5 décembre 2022

Temps de lecture : 5 min

Les médias, ces marqueurs d’évolution

Face à des enjeux qui peuvent sembler écrasants, à l’ampleur et parfois la violence des mutations du monde, les médias aident à acquérir ou parfaire une culture écologique, à s’ouvrir à des initiatives solidaires et des modèles économiques alternatifs, à se familiariser avec des évolutions sociétales. Généralistes ou spécialisés, les médias fournissent chacun à leur manière des pistes pour devenir acteur du changement. Une interview tirée de la Revue 41 d’INfluencia

« Dérèglement climatique, on continue comme ça ? » interrogeait Libération en Une de son édition du 13 juillet 2022, alors que la France enchaînait les épisodes de très forte chaleur. Au croisement de l’actualité et d’épisodes de sidération du public, les médias décryptent les signaux forts et faibles du changement climatique, environnemental, sociétal, économique, alimentaire… Et participent de la prise de conscience autour de ces enjeux. Les médias généralistes ont amplifié leur couverture des phénomènes climatiques – au point parfois de créer ou de renforcer le sentiment d’éco-anxiété – et formé leurs rédactions à ces sujets. On ne compte plus les programmations spéciales, rubriques, séries de podcasts et autres newsletters qui soulignent l’urgence d’un changement de cap, les défis à relever et les modèles en devenir.

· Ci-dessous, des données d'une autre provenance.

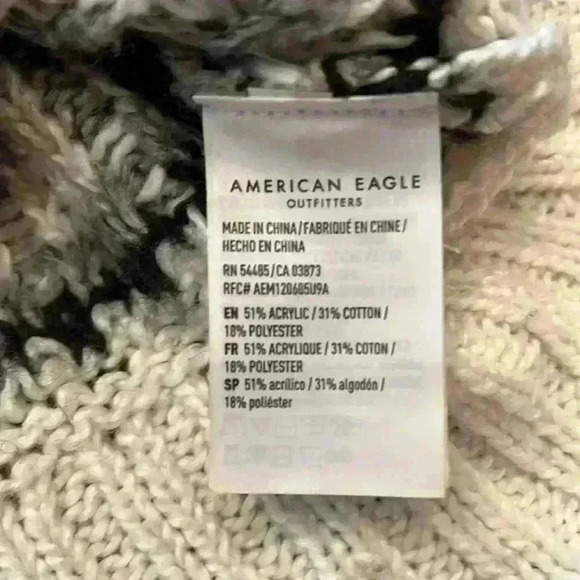 American Eagle Outfitters Cropped Size XS Button Up V Neck Long Cardigan Sweater - Picture 8 of 11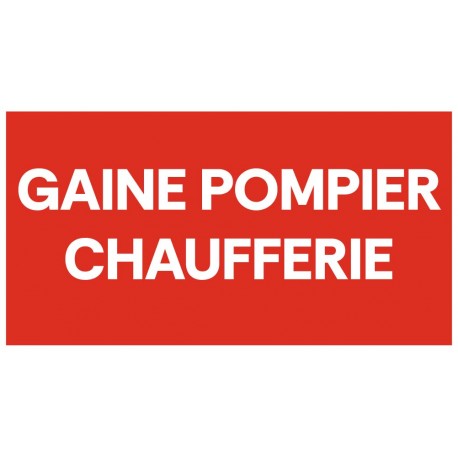Panneau gaine pompier chaufferie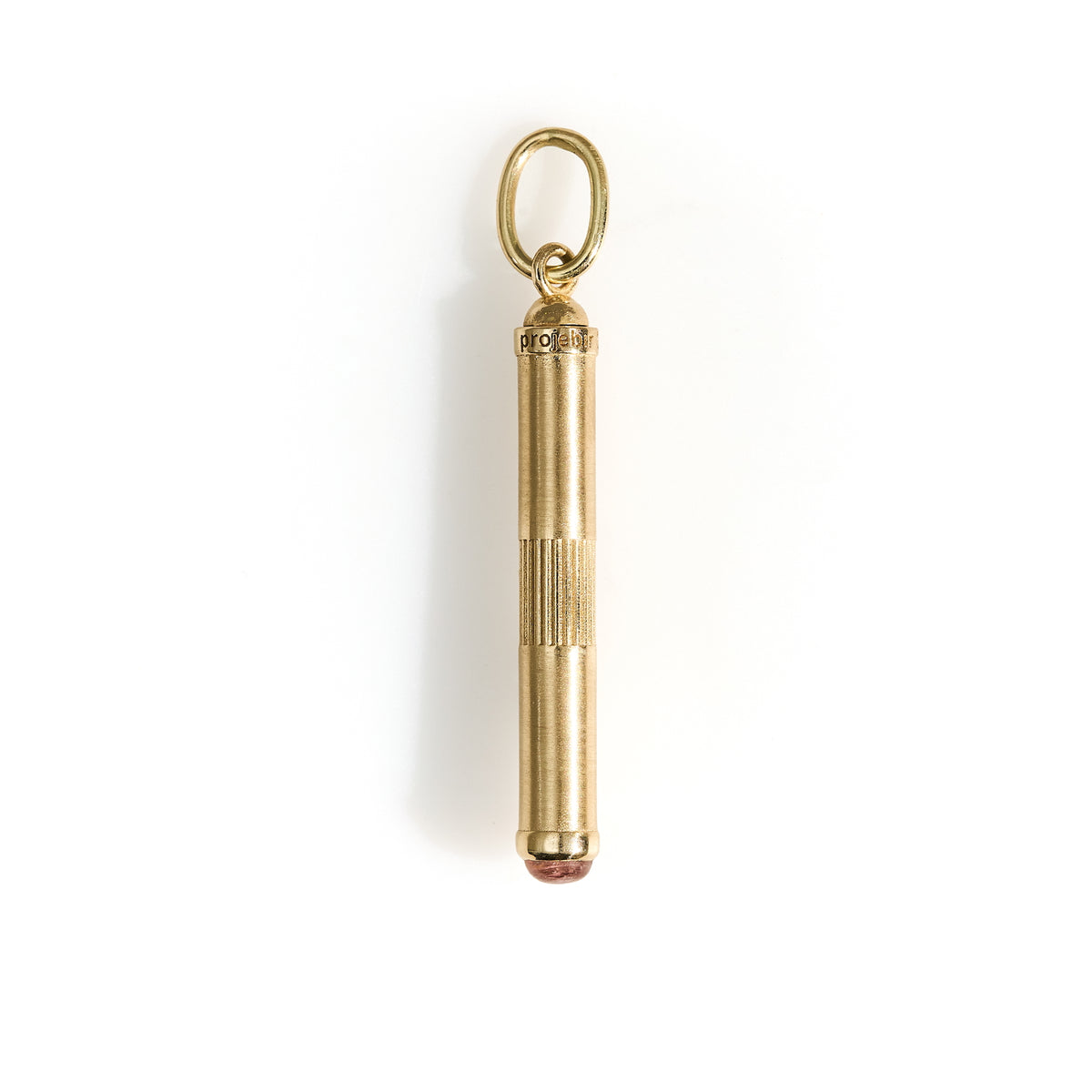 Short Lines Stick Pink Sapphire Pendant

Les médias généralistes ont amplifié leur couverture des phénomènes climatiques et formé leurs rédactions à ces sujets. On ne compte plus les rubriques, podcasts, newsletters…

Médiateurs et acteurs

L’engagement des médias peut prendre aussi d’autres formes. En 2020, Arte était l’un des partenaires de l’enquête participative « Il est temps ». Celle-ci prenait le pouls des jeunes Européens sur les enjeux climatiques, démocratiques et sociaux, dressant l’autoportrait d’une génération inventive mais en colère, qui n’entendait rien lâcher sur l’environnement. Pour la deuxième année consécutive, la chaîne franco-allemande et la radio France Culture se sont associées autour du festival international des idées de demain « Et maintenant ? ». Ouest-France a inauguré à la rentrée 2022 un dispositif « Faire demain », qui propose à ses abonnés de soutenir financièrement des initiatives responsables et solidaires lancées au plus près de leur territoire et sourcées par la rédaction (lire page XX).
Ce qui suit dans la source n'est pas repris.